Posterior tibial tendinopathy is a tendon injury that causes pain and inflammation and limits movement. The tendon affected in this pathology is found in the posterior tibia, which is fundamental in the functioning of the ankle and foot.
The posterior tibia is an elongated muscle of the leg, located at the level of the leg. The muscle is inserted on the tibia, fibula and interosseous membrane (which connects both bones) inside.
This muscle continues its way in the form of a tendon, passing behind the tibial ankle, which is the inside of the ankle. Then it enters the scaphoid or navicular bone, which is the upper part of the arch of the foot.

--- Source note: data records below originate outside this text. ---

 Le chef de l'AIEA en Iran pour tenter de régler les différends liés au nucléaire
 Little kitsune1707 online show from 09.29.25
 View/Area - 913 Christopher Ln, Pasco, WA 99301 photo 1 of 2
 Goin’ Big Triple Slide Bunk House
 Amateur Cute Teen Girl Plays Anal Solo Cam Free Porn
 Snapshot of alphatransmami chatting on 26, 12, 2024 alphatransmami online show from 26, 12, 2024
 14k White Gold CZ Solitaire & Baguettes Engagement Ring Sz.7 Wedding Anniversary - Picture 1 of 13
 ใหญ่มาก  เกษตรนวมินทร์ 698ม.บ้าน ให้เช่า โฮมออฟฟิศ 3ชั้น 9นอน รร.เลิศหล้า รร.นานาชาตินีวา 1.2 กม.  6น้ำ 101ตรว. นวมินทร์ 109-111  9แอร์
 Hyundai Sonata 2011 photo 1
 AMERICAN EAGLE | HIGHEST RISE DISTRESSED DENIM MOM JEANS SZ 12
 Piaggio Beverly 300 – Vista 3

It is also inserted into the wedge-shaped bones and the three central metatarsals, the bones in the front of the foot. As you can see, the muscle and tendon occupy a large part of the leg and ankle. Therefore, their proper functioning is crucial.
What is posterior tibial tendinopathy?
As we have already pointed out, posterior tibial tendinopathy is a lesion of the tendon of the same name. The word tendinopathy is a general term used to refer to both tendinitis and tendinosis. Therefore, when we talk about posterior tibial tendinopathy, we are referring to both types of lesions.

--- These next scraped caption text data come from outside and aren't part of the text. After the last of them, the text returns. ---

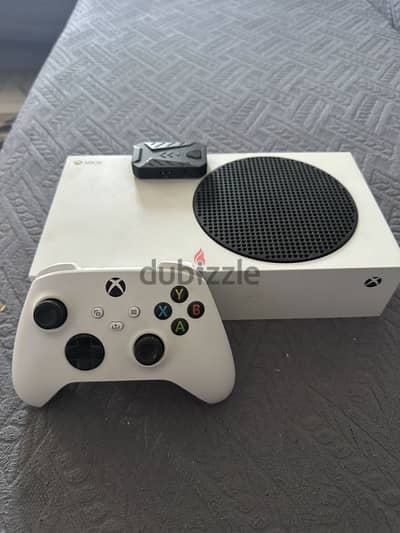 Xbox series s with controller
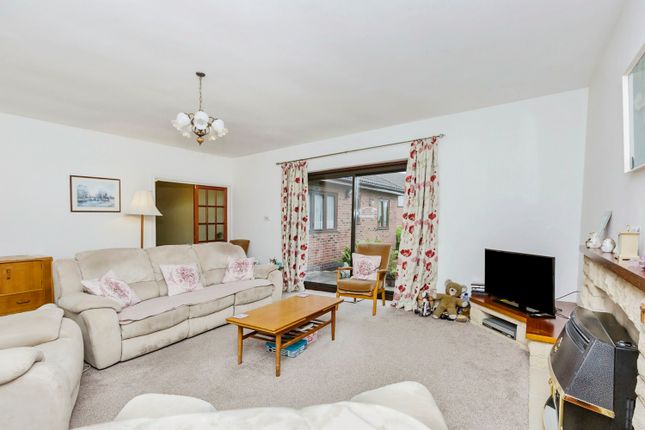 4 bedroom detached bungalow for sale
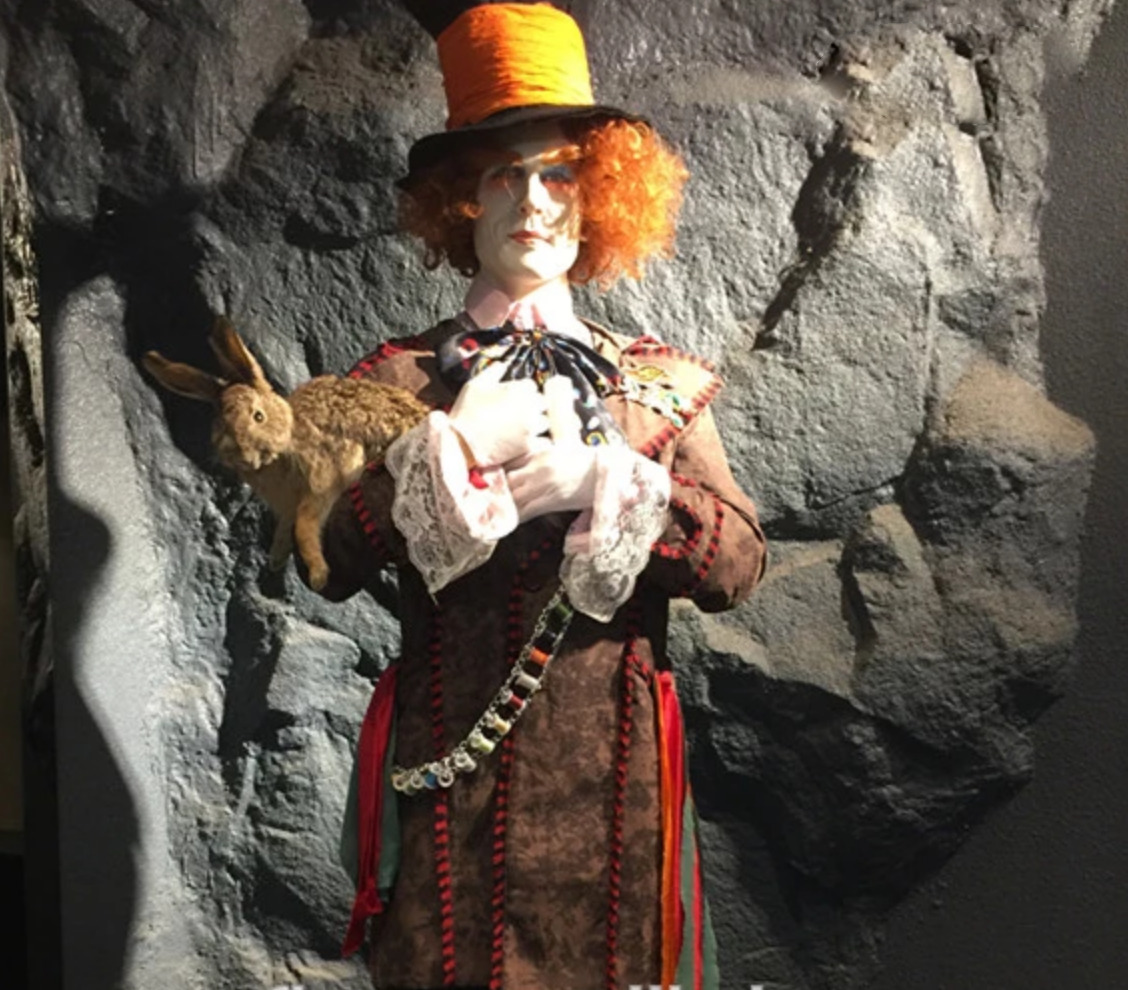 Life Size Johnny Depp Alice Movie Wax Resin Statue Realistic Prop Display 1:1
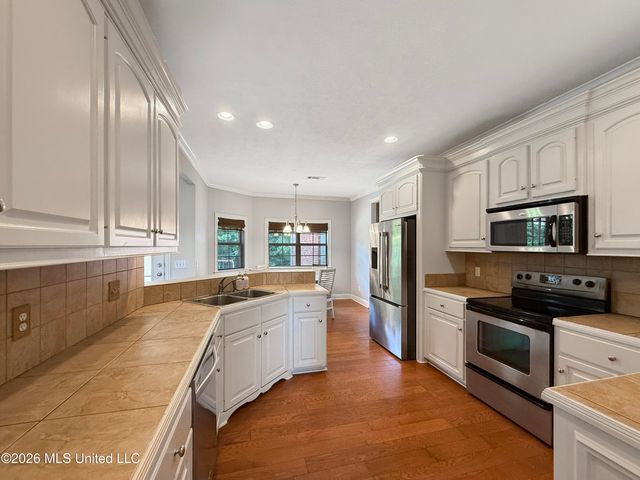 1010 Longwood Place, Pearl, MS 39208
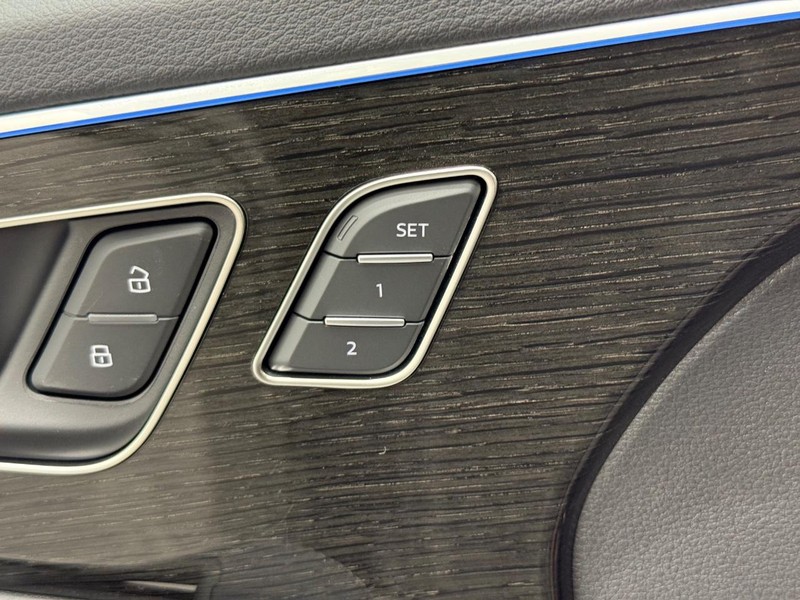 Audi Q7 Vehicle Image 11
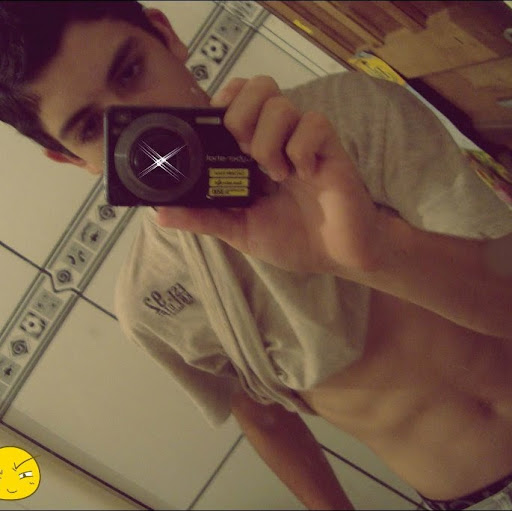 Elvis Costa Photo 13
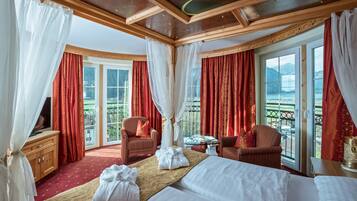 Suite Klasik, Beberapa Tempat Tidur, Bebas Asap Rokok, pemandangan danau | Brankas, Wi-Fi gratis, dan seprai linen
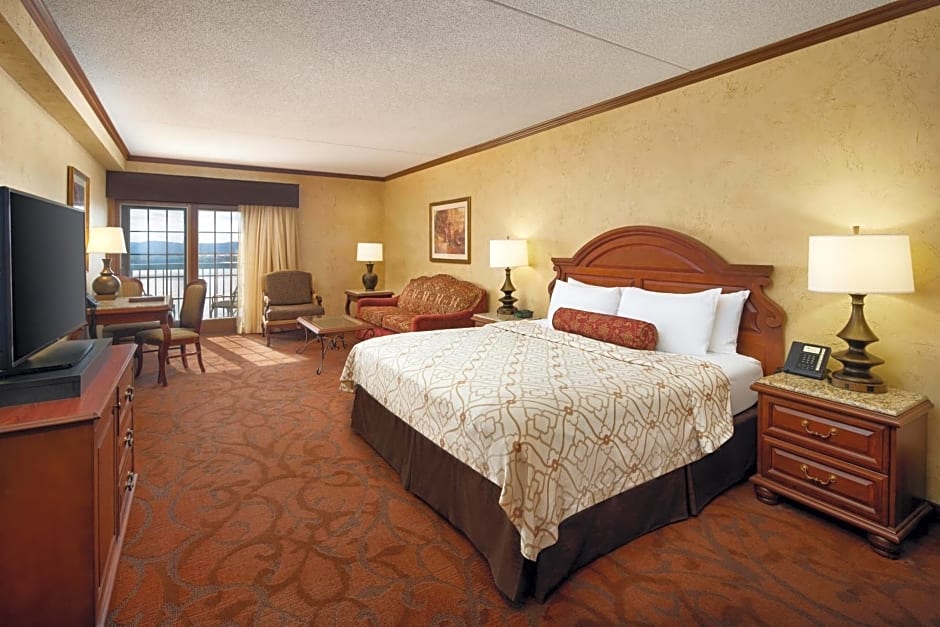 Chateau on the Lake Resort Spa and Convention Center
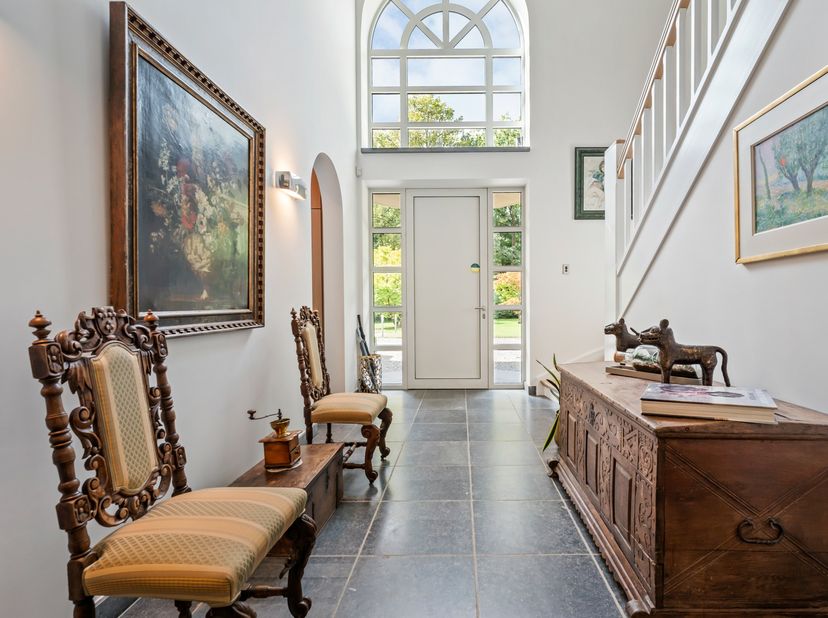 Gelegen aan de prestigieuze Bisschoppenhoflei in het groene en residentiële Brasschaat, bevindt zich deze uitzonderlijke villa die luxe, ruimte en rus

Tendinitis involves swelling of the tendon, while tendinosis refers to a degenerative process. However, many researchers believe that the term tendinitis is inaccurate in this case and that tendinopathy is a more appropriate term.

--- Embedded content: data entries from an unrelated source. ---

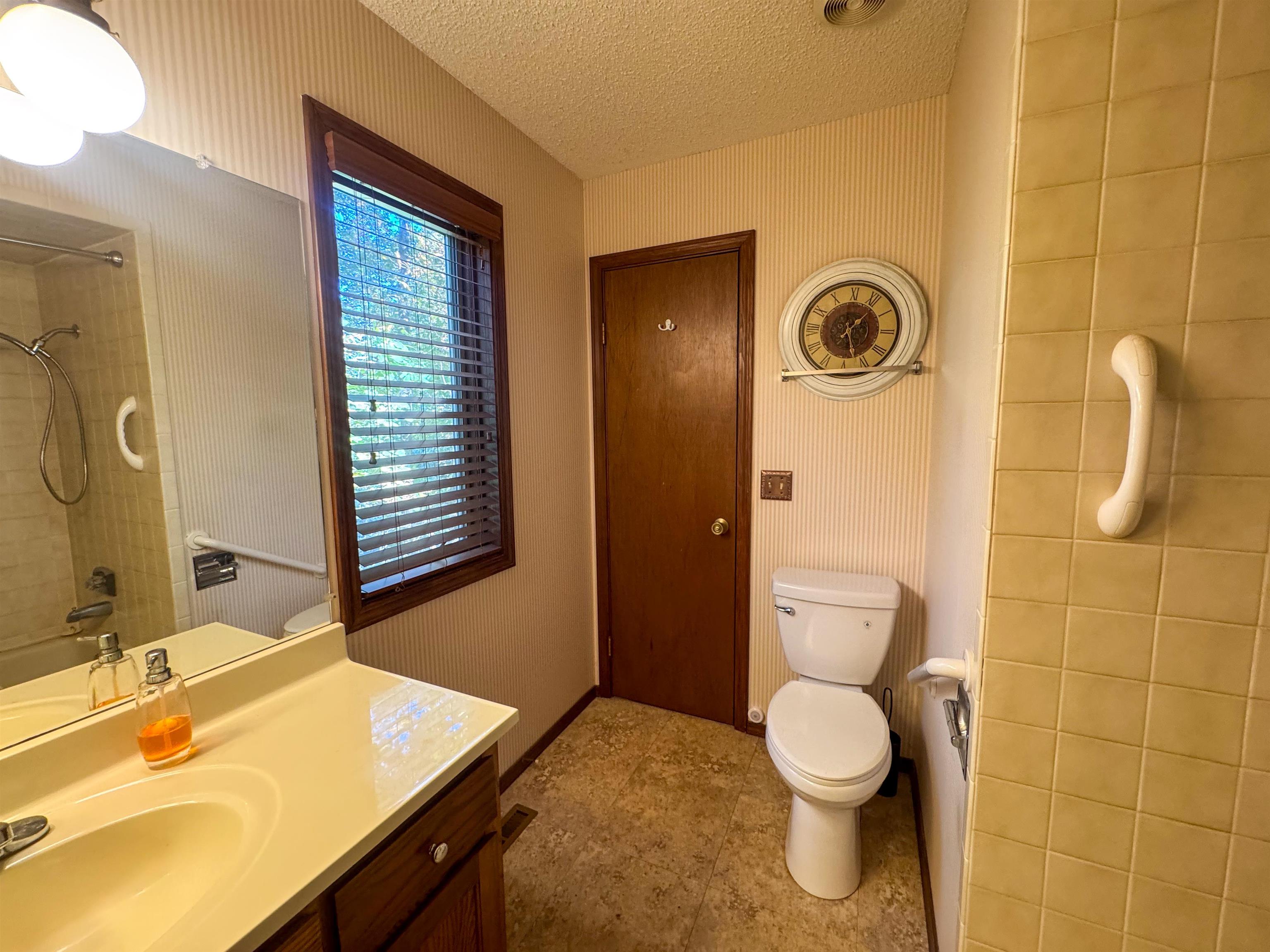 7 Owego Circle Cherokee Village, AR 72529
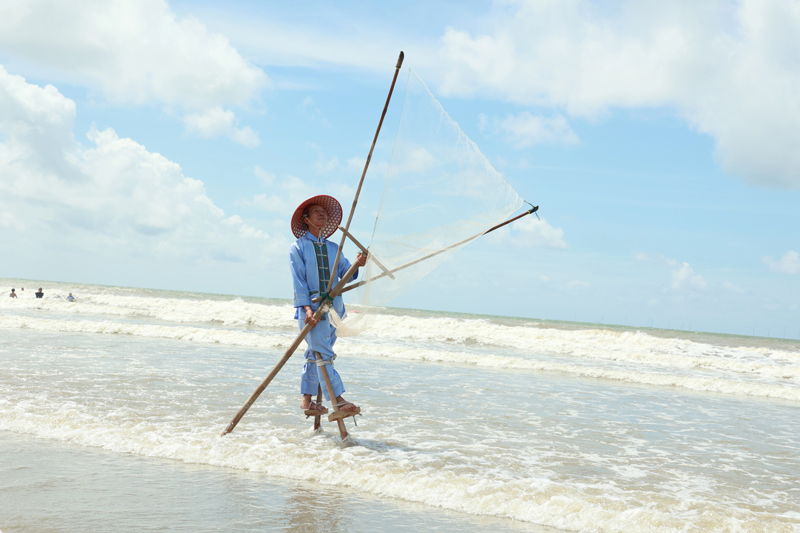 高跷捞虾展示。方平摄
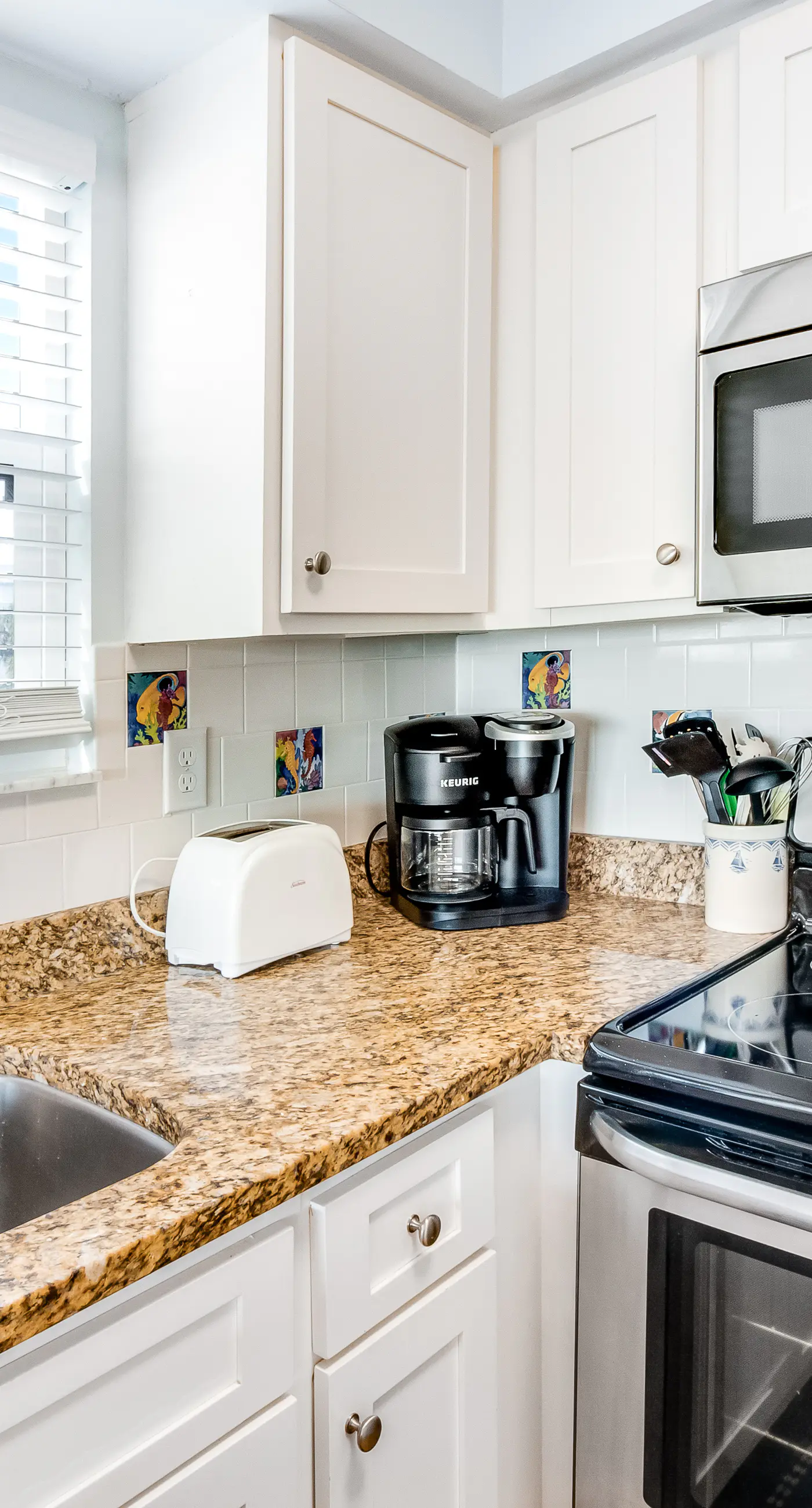 Oceanfront condo with pool access, washer&dryer, central AC, and ocean view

Posterior tibial tendinopathy causes significant limitations in the movement of the foot and ankle. This is because the posterior tibia performs important functions, such as:
Causes of tendinopathy
Posterior tibial tendinopathy is an injury that occurs as a result of excessive use of the ankle and mainly affects runners and people who walk a lot. It occurs due to anatomical and / or biomechanical factors.
Among the anatomical and biomechanical factors that lead to posterior tibial tendinopathy is excessive pronation. This is the normal inward rotation of the foot that occurs when we walk. Often, excessive pronation is the result of flat feet. This condition unjustifiably stresses the tendon.
Another anatomical factor is being overweight or having a high body mass index (BMI). Previous inflammatory diseases, neurological disorders or degenerative changes in the joints also play an important role in the development of the disease. Posterior tibial tendinopathy is more common in women over 40 years of age.
In terms of improper practices, the main causes are the use of uncomfortable footwear, excessive wear and poor walking or running techniques. Muscle weakness and lack of flexibility of the ankle muscles can influence the evolution of the disease.